**Dataset extract**.
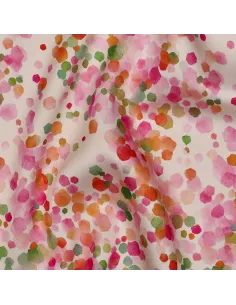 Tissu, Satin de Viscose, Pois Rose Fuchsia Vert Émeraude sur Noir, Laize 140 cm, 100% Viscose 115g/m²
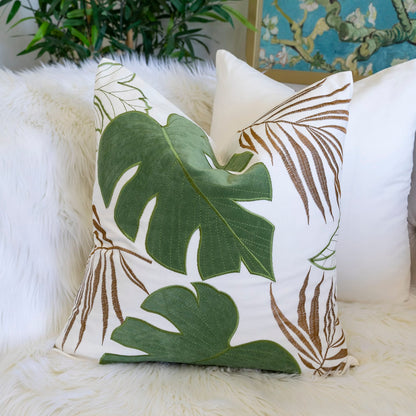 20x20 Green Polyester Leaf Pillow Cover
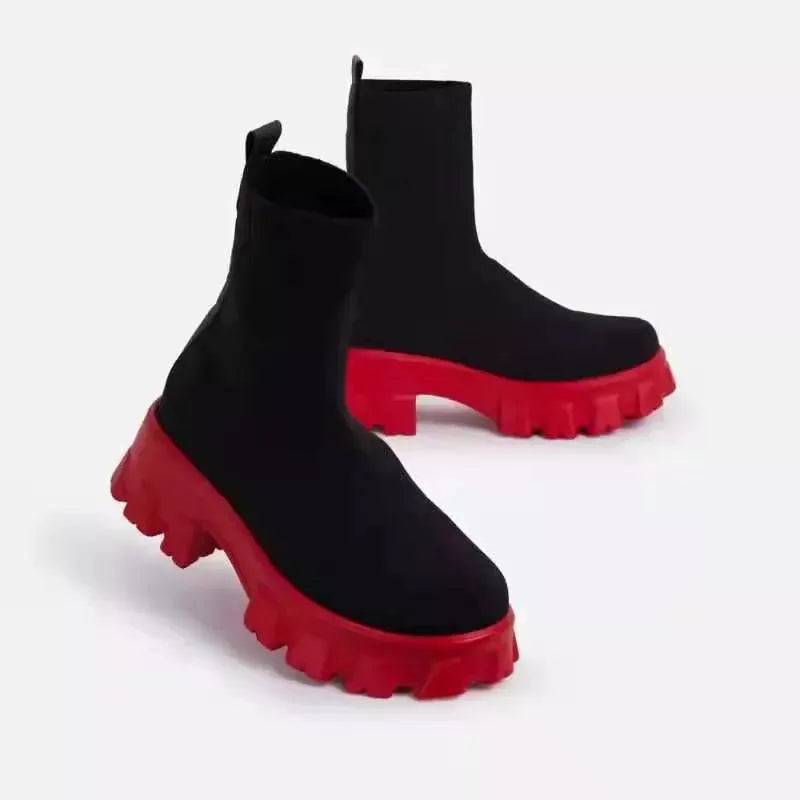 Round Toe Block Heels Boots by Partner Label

**Assignment**. Omitting the images, copy the listing exactly.

**Solved problem**.
 Tissu, Satin de Viscose, Pois Rose Fuchsia Vert Émeraude sur Noir, Laize 140 cm, 100% Viscose 115g/m²
 20x20 Green Polyester Leaf Pillow Cover
 Round Toe Block Heels Boots by Partner Label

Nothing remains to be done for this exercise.